Evoluzione dei valori
Come abbiamo visto, spostarsi con frequenza da un lavoro ad un altro è una dinamica tanto più presente quanto più è giovane l’età dei lavoratori. Se osserviamo le motivazioni che globalmente vengono associate a questo tipo di comportamento possiamo notare come i valori che fanno leva sui job hoppers sono i medesimi che emergono ormai da tempo rispetto alle nuove generazioni di lavoratori. I fattori utili, oltre alla retribuzione, per attrarre e trattenere i talenti sono ormai noti: maggiore conciliazione tra vita e lavoro, flessibilità, maggiori opportunità di carriera, possibilità di crescita personale, formazione, ricerca di un migliore allineamento tra la scala di valori personali e quelli della propria azienda (IBM, Randstad).

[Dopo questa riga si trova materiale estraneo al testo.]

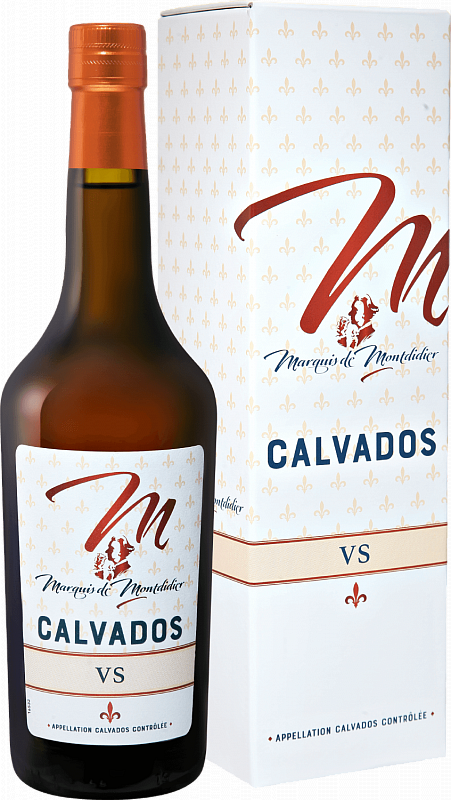 

Кальвадос Marquis de Montdidier VS Calvados AOC (gift box), 700мл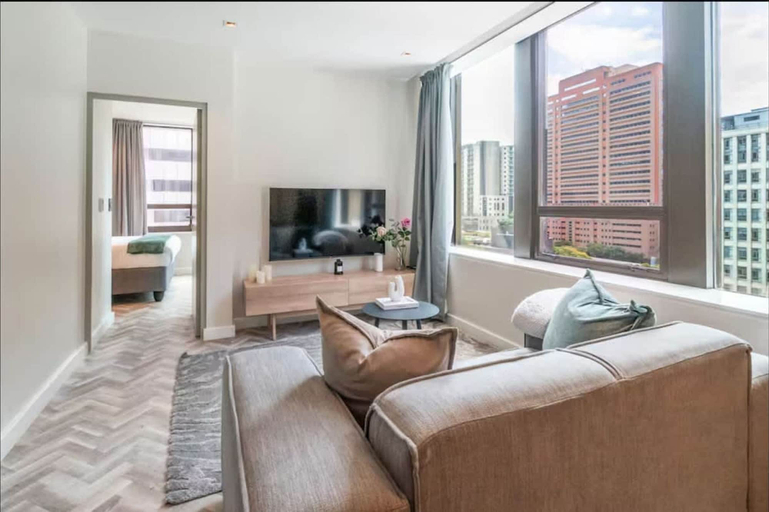 Room 1, Luxury One Bed Apartment, Foreshore, Cape Town, City of Cape Town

Per rapportarsi con il job hopping in maniera costruttiva le aziende devono quindi aver bene presente tali fattori, ricordando come l’approccio nella gestione dei dipendenti deve necessariamente essere a conoscenza dei cambiamenti che stanno prendendo piede di anno in anno tra i loro lavoratori, per i quali ciò che conta oggi è un po’ più lo scopo e un po’ meno lo stipendio, un po’ più il proprio sviluppo e un po’ meno la valutazione, un po’ più la propria vita personale e un po’ meno il lavoro (Gallup). Il cambiamento va accolto superando le rigidità e facendo leva sulla trasparenza e soprattutto sulla comunicazione.
Certo, a primo impatto può spaventare quella che sembra essere una disaffezione dei lavoratori rispetto al proprio datore di lavoro. Culturalmente la fedeltà e il rimanere a lungo all’interno della medesima azienda fino a poco tempo fa rappresentavano un valore, anche in fase di ricerca di lavoro. Il crescente mismatch presente oggi ha fatto gradualmente sì che ciò cambiasse, ma ancora una volta, occorre osservare la novità cercando di comprenderla e adattandosi al cambiamento.